The commencement of the first Design Forum aligns with a free, online, seven-week course run by the Acumen Fund and IDEO which I am inviting you to participate in to help frame the series of Design Forum. The course can be done through examining any design challenge, but I am proposing that people join to help address the question framing the 10 City Bridge Run: “how might we use our networks to improve the delivery of child survival?”
Here’s how to get involved. It’s simple, and you can do it without needing any special qualifications:
- Register here, or drop me a note saying you want to participate.
- Join or form a small group of between 2-6 people where you live, or work with me and others online for the conduct of the course. If you are forming a small group, you could meet in a coffee shop once a week. And if you are joining me online, I’ll make a schedule when we can connect by video-conference or Skype, or some other way to collaborate.
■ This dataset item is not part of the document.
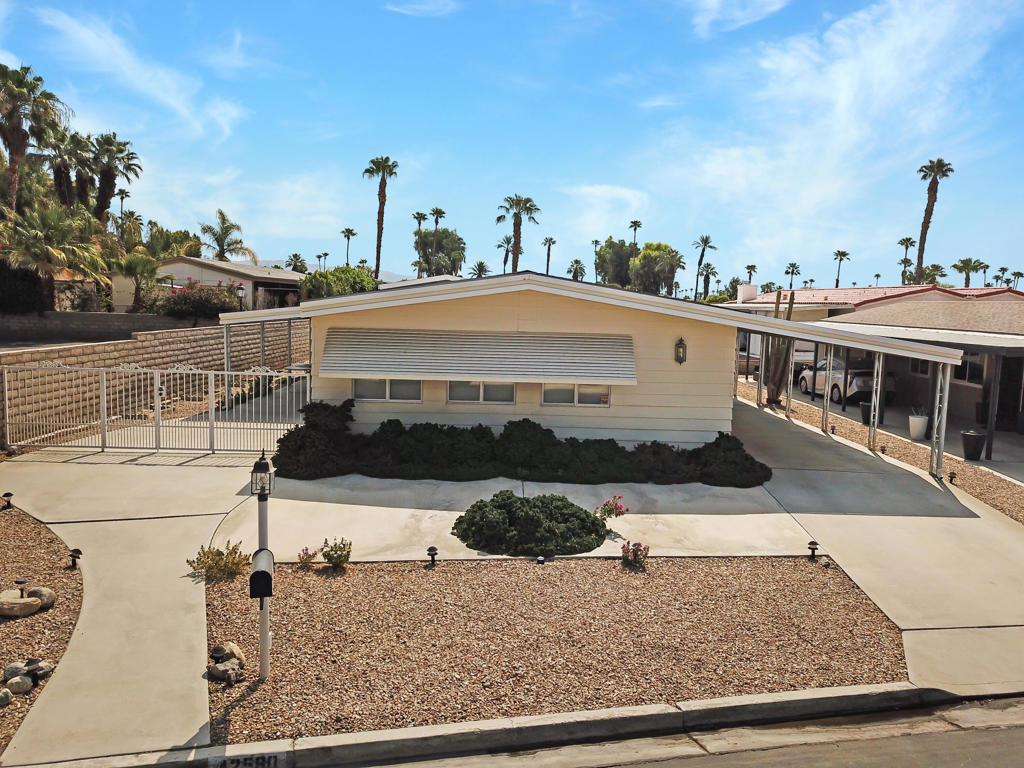 Come an Enjoy the Lifestyle at Portola Club where you can Play Golf on the 18 Hole, Par 3 Course, Swim in the Three Pools & Spas, Play Pickle Ball or Tennis, or just Walk your Dog to the Dog Park or Pond! This 55+ Gated Community has so Much to Offer! This Beautiful Home is located Directly Next to the Clubhouse with Many Activities with a Pub, Billiard Room, Library and a Large Dining Facility. The Primary Bedroom is located at the rear of the home for Ultimate Privacy, Spacious Closet, complete with En Suite Bath. The Guest Bedroom also has an Attached Full Bath. An Updated Kitchen Features Granite Counters, Oak Cabinetry, Newer Appliances and Casual Bar Top Dining, all Open to the Great Room. A Formal Living and Dining Room Showcases Tastefully Appointed Interior Spaces that Bask in the Natural Light. There is a Two Car Covered Carport with a door leading into The Laundry Room that can double as an Office or Hobby Room. The Exterior Patio faces North with Partial Mountain Views. Come joint the fun at Portola CC with low HOA of $440 per month which includes FREE Golf, Cable & Wifi, Trash and a Calendar full of Events and Activities. This is one of the few Country Clubs where You OWN the LAND!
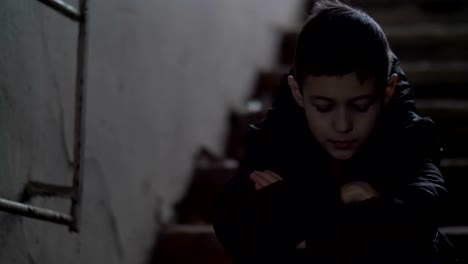 boy-regrets-the-incident,-demolition-house,-boy-sits-alone-in-an-old-ramshackle-building,-winter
- Follow the course across the seven weeks exploring this question: “how might we use our networks to improve the delivery of child survival?” as together we work to ‘Design the Design Forum’.
At the end of the course in early April, not only will we have framed how these Design Forum might play out culminating in Seoul in October, but you will also receive a certificate to prove to the world that you have in fact become a Designer.
That is a worthwhile achievement for 2015! Please accept the invitation, and join us to frame the Design Forum.
There is no limitation on attendance. Please forward this link to others, and please especially ask them to join with us as we look at this question of improving child survival. Thanks in advance!
Where does your journey begin for making a difference that matters? We all have the same amount of time, and each are gifted in some ways, some more gifted than others. I’m interested in this question of when and why people chose to make a difference, rather than how much of a difference they might have made which is a very subjective measure of contribution.
I was delighted to meet up with an old friend Cynthia Smith in New York the previous week at the conclusion of my epic running stunt where I ran 10 sub-marathons each of 24 km in 10 cities across 10 countries. Many of you know already that the running was a stunt to thread a common narrative through 10 cities where an important question will be explored through a nine month period this year in a series of Design Forums asking: “how might we use our networks to improve the delivery of child survival?”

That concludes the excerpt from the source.